Dismissal rates for DUI charges and subsequent DUI convictions vary substantially from state to state. Recently on our DUI forum a user asked, When will the prosecutor dismiss my DUI charges and not prosecute me for driving under the influence of alcohol?
Police lack probable cause to make the DUI stop
There are a variety of reasons the DUI charges may be dismissed. The most common reason is the police officer lacked probable cause to make the traffic stop. Probable cause, however, may not be that difficult to prove.
For instance, if a police officer witnesses any illegal action including speeding, running a stop sign, erratic driving, or driving with a broken taillight they have probable cause to stop your car. If during the stop there is any evidence you are intoxicated- a distinct smell of alcohol or blood shot eyes- they may ask you to complete a breathalyzer or field sobriety test.
If the officer does not have a solid, legal reason for stopping your car or they do not appear at your hearing the case against you could be dismissed. If the officer does not appear at the hearing and the time limit between your arrest and hearing has already reached the states legal limit, your case could be dismissed. Otherwise, it may simply be rescheduled.
Your Miranda Rights were not read to you
Another reason your case could be dismissed is if your Miranda Rights were not read to you. Police officers do not, however, have to read you your Miranda Rights at the time of your DUI arrest. Many people have a misguided idea about this process, most likely from watching too many cop shows. According to the 1966 case Miranda v. Arizona, a police officer has to read you your rights before they interrogate you.
These warnings are intended to protect you against self-incrimination. But they only have to be read if you are under arrest and the police officer is going to conduct a custodial interrogation (meaning you are in police custody). If you are not in custody and the police officer is not interrogating, you the police have no need to advise you of your rights.
State lacks evidence for DUI charges
The prosecutor may also decide to dismiss the DUI charges if they do not believe they have enough evidence to convict you for DUI. For instance, if the state does not have any physical evidence, including a chemical test of your blood, urine or breath or you passed the field sobriety test, they may decide they cannot win their case.

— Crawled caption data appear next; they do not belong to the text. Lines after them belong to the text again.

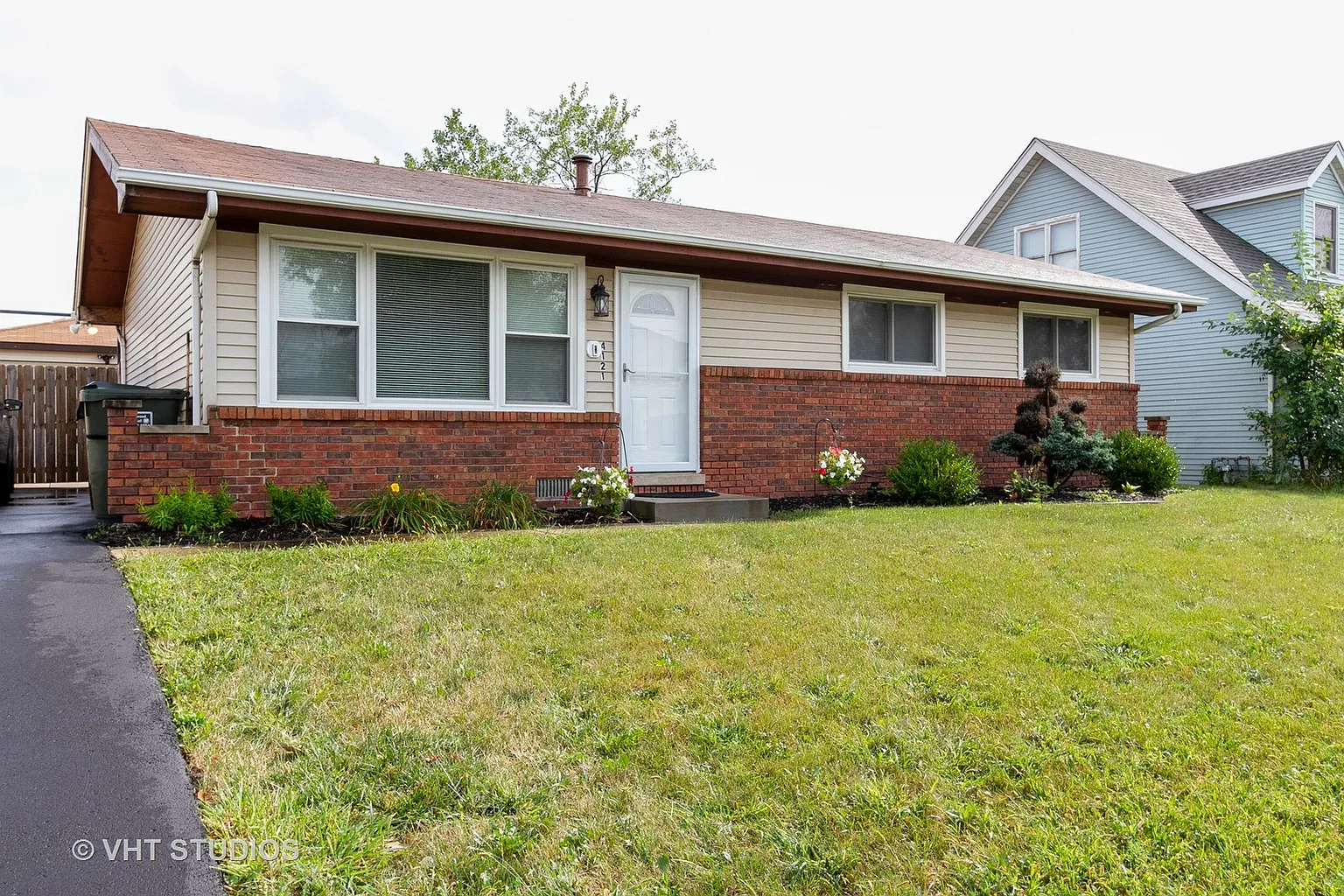 4121 Indian Hill Dr photo 1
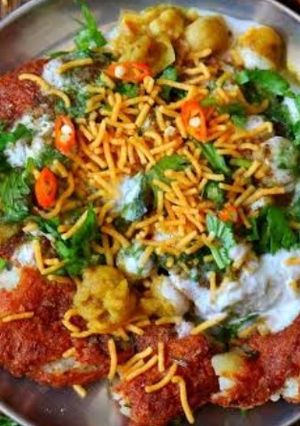 A picture of Aloo tikki chat.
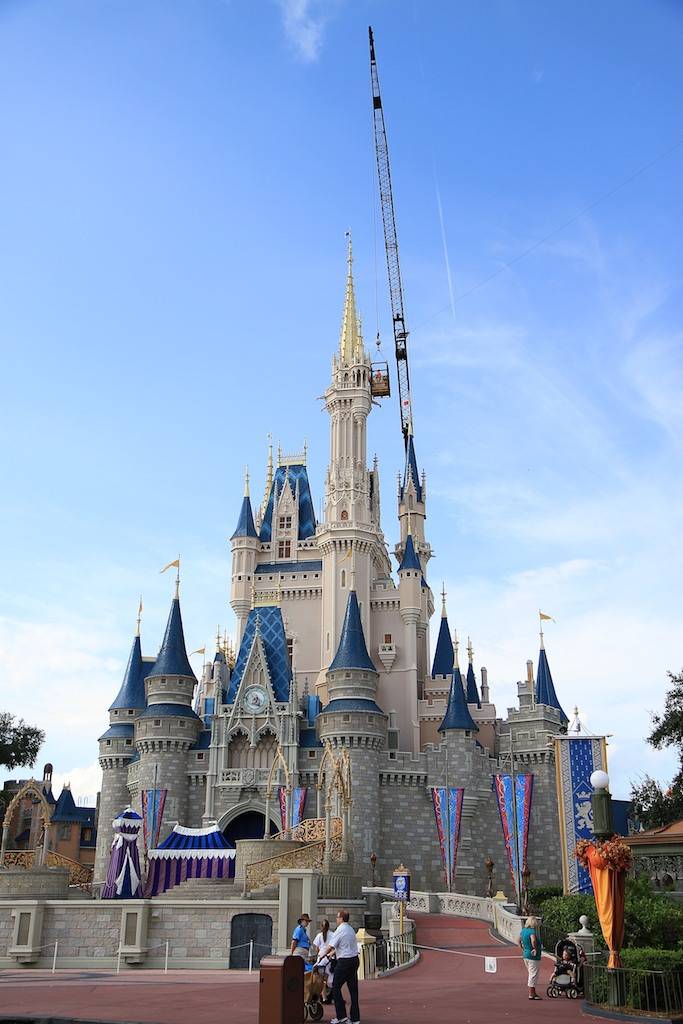 Cinderella's Holiday Wish lights installation - crane onsite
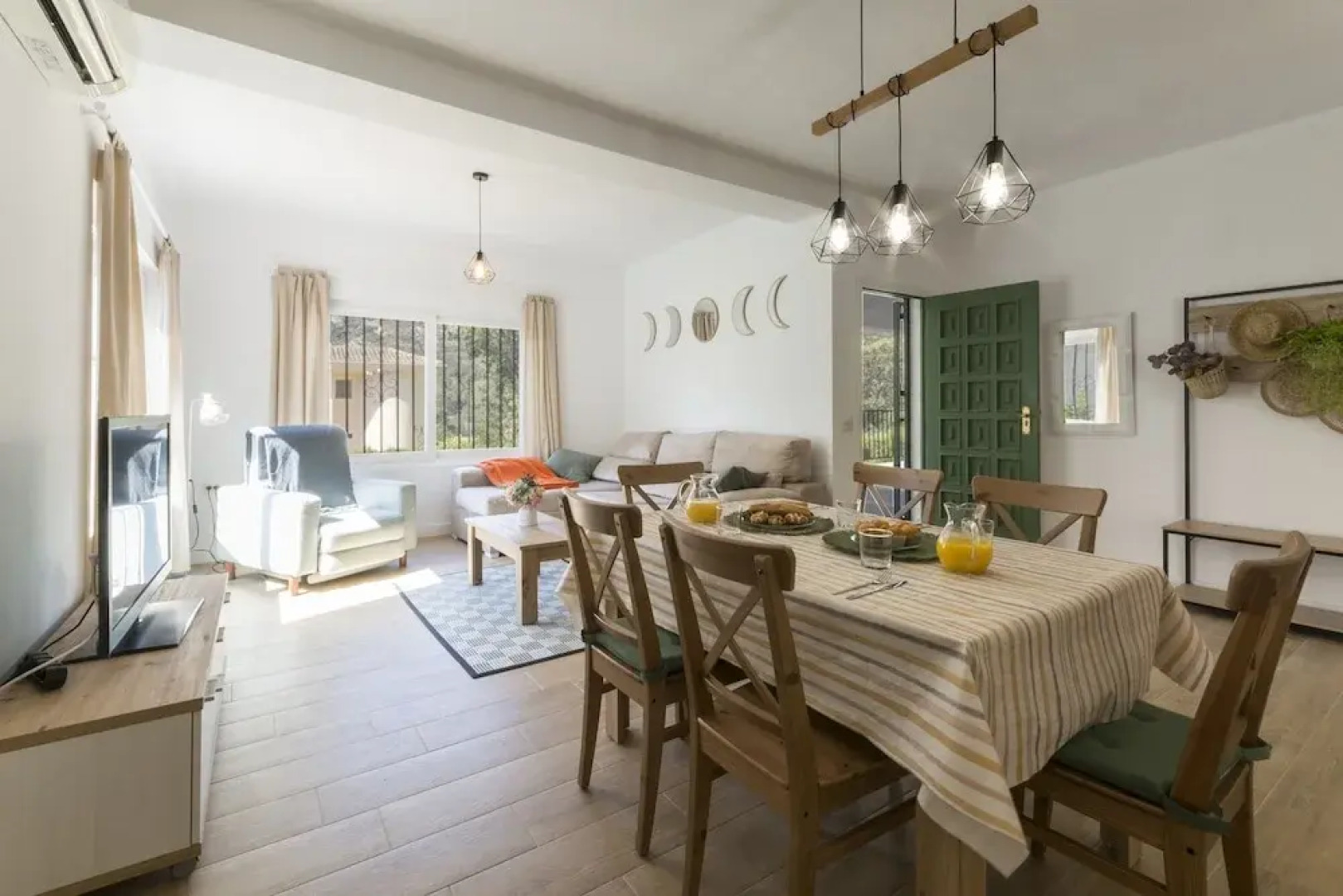 Cova De L Aire in La Drova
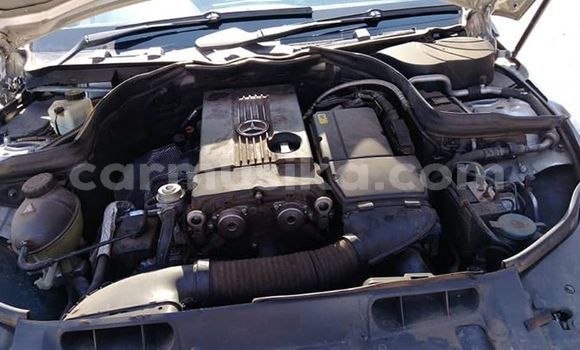 Acheter Occasion Voiture Mercedes‒Benz C–Class Gris à Harare, Harare Acheter Occasion Voiture Mercedes‒Benz C–Class Gris à Harare, Harare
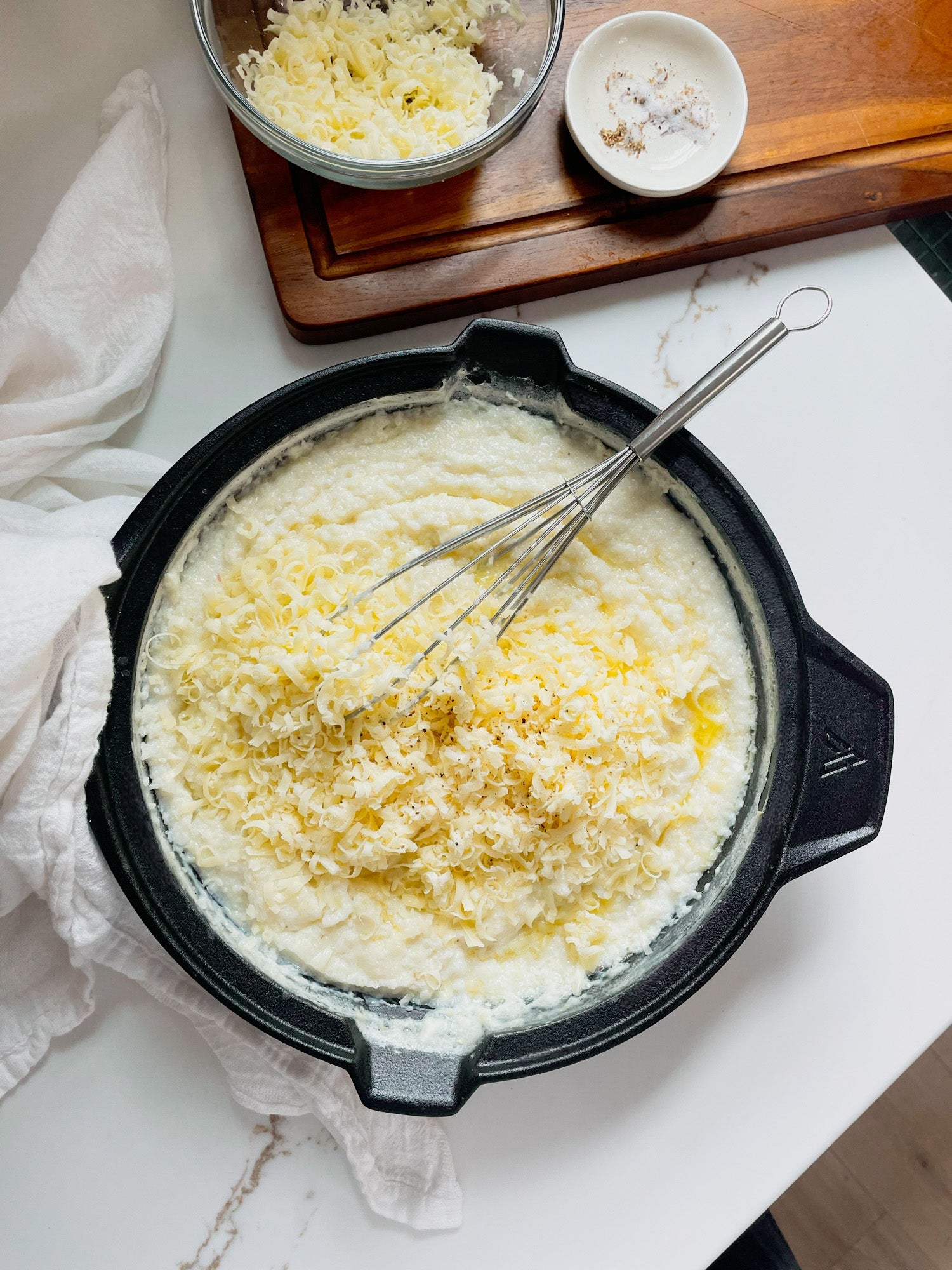 Creamy Cheddar Grits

Does the state have to have chemical evidence to convict you for DUI? No, the state could also have enough other types of evidence such as witness testimony, your own testimony, and their own observations to convince the judge or jury you were intoxicated and not able to safely operate your automobile.
So will you have your DUI charges dismissed? Talk to a DUI lawyer and have them review the DUI stop, whether the officer had probable cause to make the DUI arrest, whether your blood alcohol level was above the legal limit, and other evidence the state has against you.